# YOUR GOAL:
Skip the pictures. Return exactly the lines from the one containing "80 Acres COUNTY ROAD V, DEERFIELD, Wisconsin" through the end of the entries below.

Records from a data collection
□ □ □ □ □

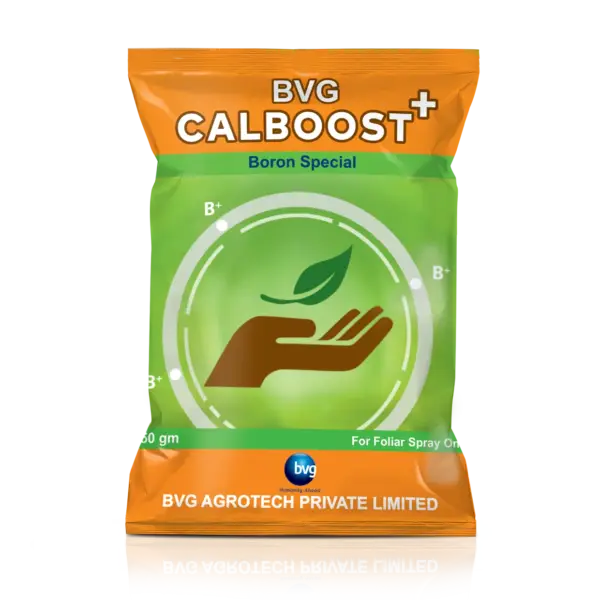 BVG CALBOOST+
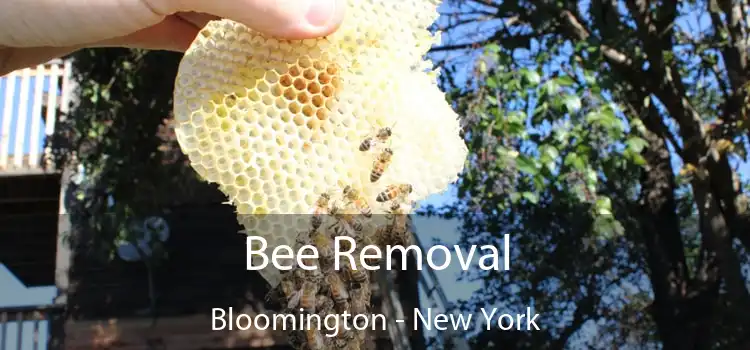 Bee Removal Bloomington - New York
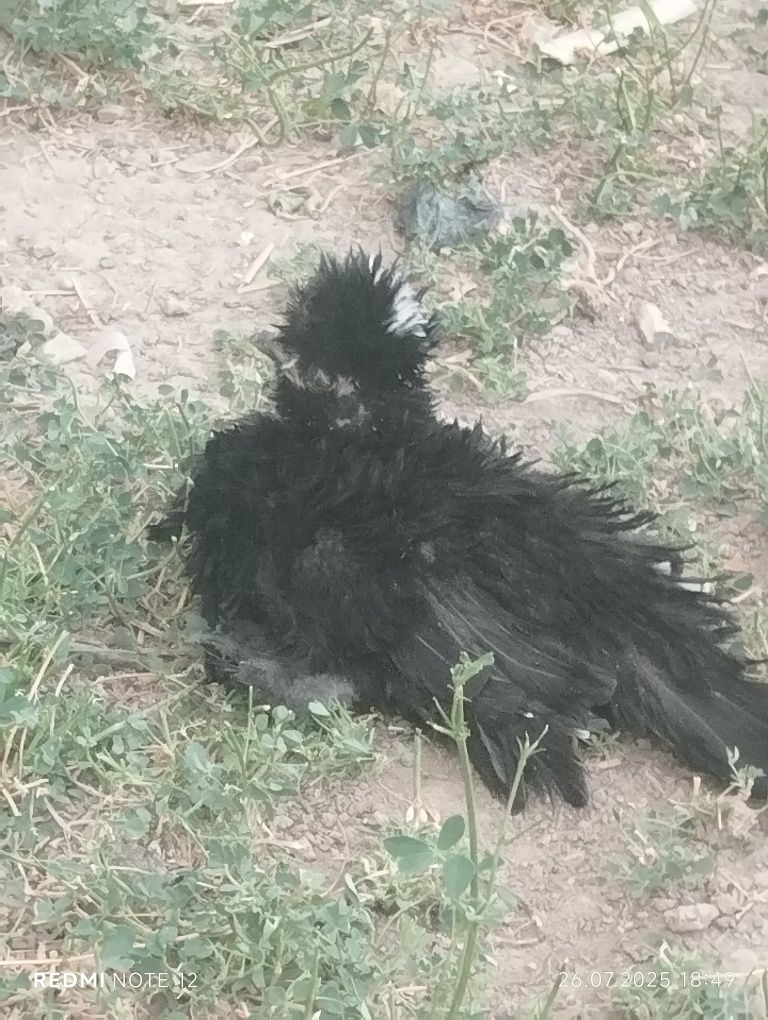 Тескари пат японлар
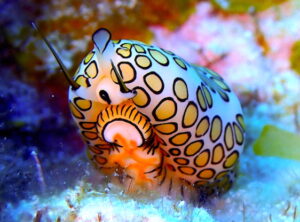 Great photo capture of flamingo tongue sea snail on the sand, and raising up to show it's underbelly and detailed anatomy. Original by author,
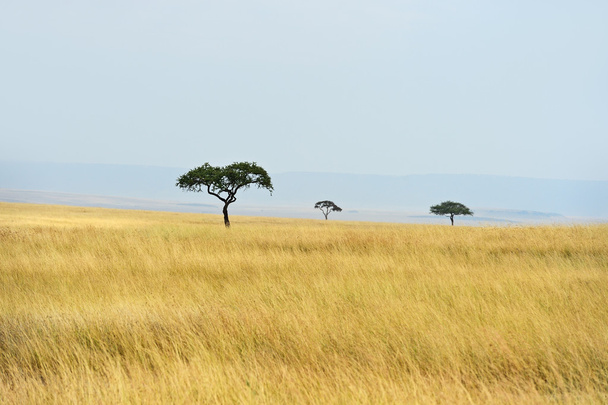 Tree in savannah - Photo, Image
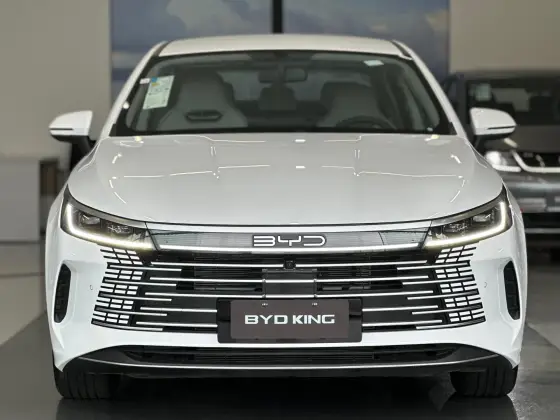 BYD KING 1.5 DM-I PHEV GS AUTOMÁTICO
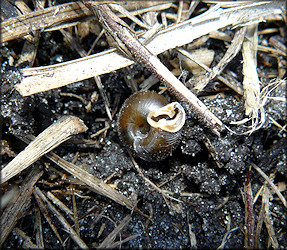 Daedalochila sp. aff. hausmani (Jackson, 1948) Straight-edge Liptooth In Situ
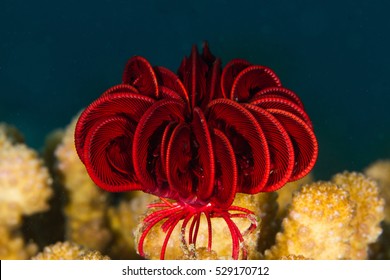 Feather Star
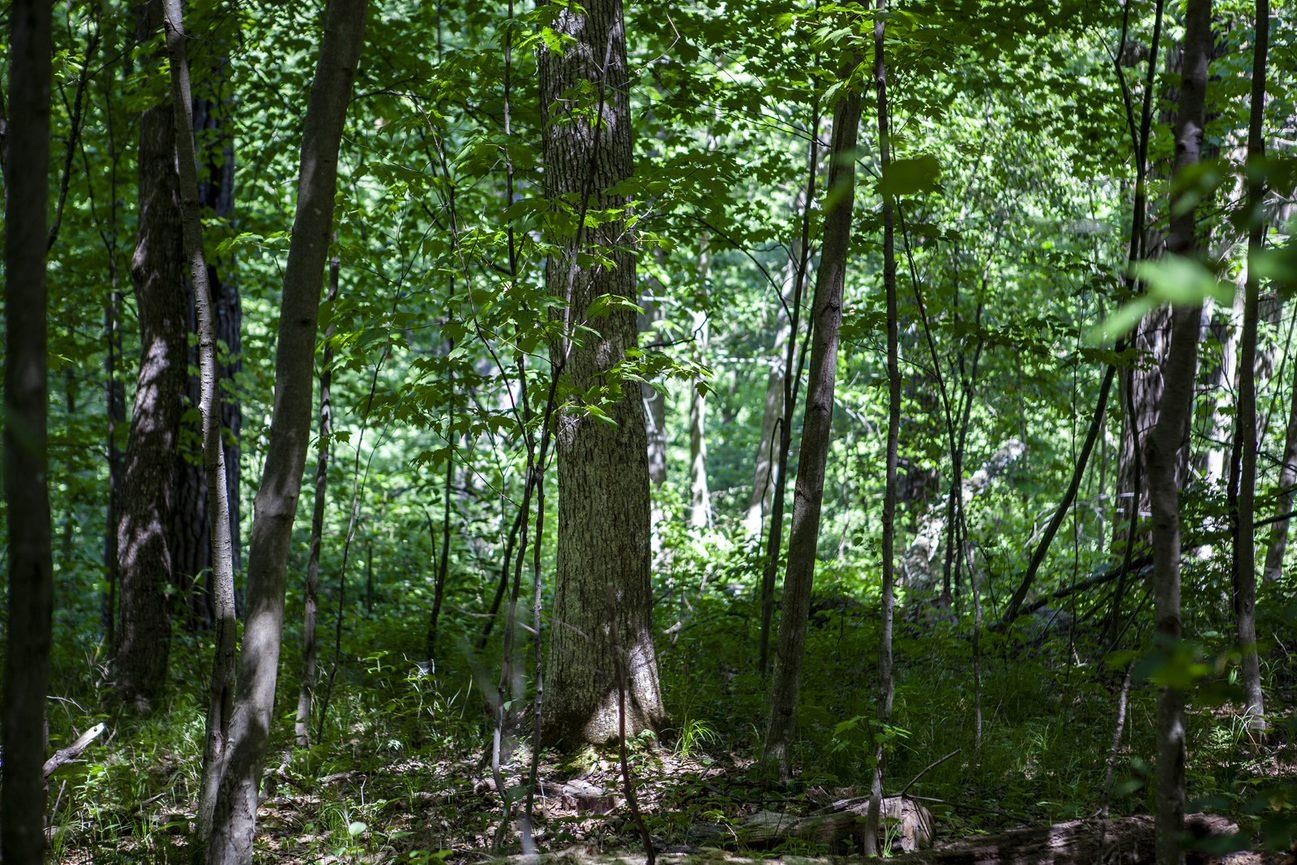 80 Acres COUNTY ROAD V, DEERFIELD, Wisconsin 54943, ,Land,For Sale,80 Acres COUNTY ROAD V,22232685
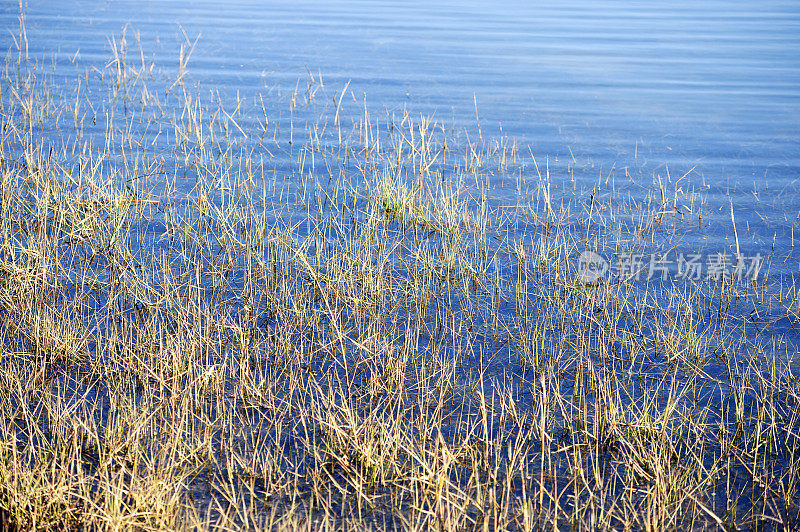 碧蓝的海水荡漾在岸边浅浅的草地上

□ □ □ □ □

# RESPONSE TO THIS EXERCISE:
 80 Acres COUNTY ROAD V, DEERFIELD, Wisconsin 54943, ,Land,For Sale,80 Acres COUNTY ROAD V,22232685
 碧蓝的海水荡漾在岸边浅浅的草地上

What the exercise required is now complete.